Why did the Chief Minister of a State mock, humiliate a film that described the trauma of an entire community? As a Kashmiri Hindu told me he is feeling deeply disturbed after seeing that on television. “I am not finding it easy to shake it down,” she said. Since then, several others have shared feeling a sense of shame and humiliation over the remarks. One of them described it as being driven over the edge and feeling a sense of total despair.
Why did the he feel the need to shame an entire people in public, in the State Assembly – where did this need come from? What is the point of shaming someone, and what effect does it have? Any mature society and its elected representatives need to show their value for dignity, respect and recognition of others if they have to call themselves civilized. If not, isn’t it a proof that this ritual of public shaming, a remnant of medieval barbaric periods, is still with us? Or is it a new movement where the right to assertion of a people is being countered by a State with a desire to shame and humiliate so that their assertion for truth is nipped in the bud?
Public shaming of this movie has put naked power on display. In a State Assembly, by mocking a people’s attempt to tell the world about a truth, the goal is only to bring the people to their knees once again in front of the world. That is what a perpetrator does thinking that is where they belong and from where they should not venture out. This is the mindset that both shames and mocks and history is full of such examples. The assumption is that they can take the debasement and humiliation.
This mocking in the State Assembly raises a very basic question. What is the dignity of a Kashmiri Hindu and why it is being debased? The Indian people failed in 1990 to protect them. A people thrown out by repeated exoduses, gone through debasing slogans and sexual assaults, what does the Kashmiri Hindu deserve from us?
Thomas Friedman, a New York Times journalist, once talked of humiliation as the most powerful and underestimated force of modern politics. He also said how the people respond to it shows how much they are capable of being bent.
Shaming is a frighteningly powerful emotion. The British divided us, created shame and chained us through their innumerable ways of punishment and degradation. The transfer of power did little to change that. All over the world ex colonial societies are trying to remove its shackles. Shaking of shame is the most difficult of all emotions as psychologists know. It is deadly, with a lasting impact on the living. When shame has the power of public gaze, an official sanction, it can get beneath our skin to remind us how we were once powerless making us impotent once again.
For Kashmiri Hindus shame perhaps is one of the most powerful feelings they had to deal with after 1990. Their exodus happened in full public gaze. It was not a private, solitary feeling that they could deal with in the privacy of their homes. The movie The Kashmir Files brings that out very poignantly and this is what makes it so difficult for the perpetrators and their supporters. It has made their ambition naked and for the world to see. So how to hide it? Shame them once again so that they are reminded of their plight and become silent.

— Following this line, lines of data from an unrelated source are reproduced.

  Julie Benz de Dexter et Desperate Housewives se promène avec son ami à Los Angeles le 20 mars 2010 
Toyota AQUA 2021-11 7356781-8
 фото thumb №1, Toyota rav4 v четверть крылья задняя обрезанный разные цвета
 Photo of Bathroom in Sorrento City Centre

The movie The Kashmir Files has given the Kashmiri Hindus and the larger community a civility, a respect and a dignity that they lacked since their exodus. What kind of a man or political leadership would think of mocking practices that enhance it? A history of reading of theory of humiliation in the past would make it very clear.

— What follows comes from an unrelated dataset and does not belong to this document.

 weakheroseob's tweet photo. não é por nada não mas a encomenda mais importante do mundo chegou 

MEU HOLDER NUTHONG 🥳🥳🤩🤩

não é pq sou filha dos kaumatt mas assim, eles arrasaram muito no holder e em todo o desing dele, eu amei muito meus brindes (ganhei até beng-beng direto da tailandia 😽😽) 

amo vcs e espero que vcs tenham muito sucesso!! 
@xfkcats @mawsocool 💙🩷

Michael Foucault talked of shaming and humiliation as the primary tools employed by the State as an attempt to use surveillance of the social body that seems to spin out of control. That is what the movie The Kashmir Files has done with an entire generation. That may be why ‘human dignity’ in present day India, both in political and psychological terms, is becoming a deeply emotionally invested issue and will become more so in the coming decades as a society comes to terms with the ways it has been silenced with shame and humiliation.
The present remarks by the Chief Minister in the State Assembly seems to go in the opposite direction where shaming and humiliation would try to rule us again. If not questioned, it may lead us again to a state where decency, dignity and honour will have no place once again.
Public shaming and humiliation are never used over trivial matters. There is always a far larger picture at stake, the violation of a norm that is important for a larger collective, in this case the perpetrators who would not like any movie, literature closely relating to The Kashmir Files. Mocking those who try it attempts to exclude and remove them symbolically from the larger society, a position that the perpetrator and his supporters want to hold themselves.
Shaming and stigmatizing humiliation is always planned, coordinated and executed in an organized manner. They are neither spur of the moment nor contingent upon individual situation. They follow well thought out scripts and a ritualized structure. Often repeated with a precision, in public spaces, they are easily recognizable. They have an aim of not only creating confusion, violence and mayhem, but also stabilize the existing power structure that seems to be threatened. This has to do by showing the powerlessness of the other. The politics of humiliation is an intentional strategy that is unleashed to retrieve this balance.
The most basic condition in any rule of law country is to hold human dignity and worth of the person as the highest inviolable right and make it the duty of the State to respect and protect it. It is time that we in India look towards enacting a law that condemns and forbids mocking of its own people.